Last updated 2018/12/18

The concept

Sampling is the process of collecting data points in an arbitrarily large amount of information. Instead of collecting all the available information, we only collect a few bits of it to make a (hopefully) representative statement about the content.

Let's make an example unrelated to graphics first, to show that it is universally applicable.

Sampling the path of a car

1) A car drove from point blue to point green.

2) We can't say which path the car took to reach its destination. There are infinite possible ways to connect those two dots.

3) What we can do, however, is looking at the data the car's board computer collected and make a guess which route it took.

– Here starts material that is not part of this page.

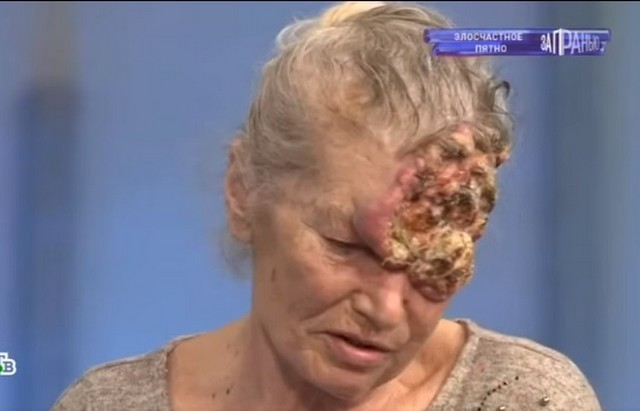 В студии НТВ Галина стесняется своего лица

We probably don't need to know where it has been at every single second of its journey, we just need to look at a small number of data points to get the idea. The more points we look at the more detailed our path becomes. In this example, we took 7 samples (red dots).
Each time we sample the data we spend a bit of time, so the precision we get is proportional to the time we invest in sampling. This means we have to make a tradeoff between cost and precision. We want to find the best possible precision for the least amount of work to put in.
In the real world, however, we wouldn't have an infinite number of possible (and sensible) paths the car would have been able to take. It is, after all, bound to roads. So based on our samples we can be confident that the car took the green road as seen in 2).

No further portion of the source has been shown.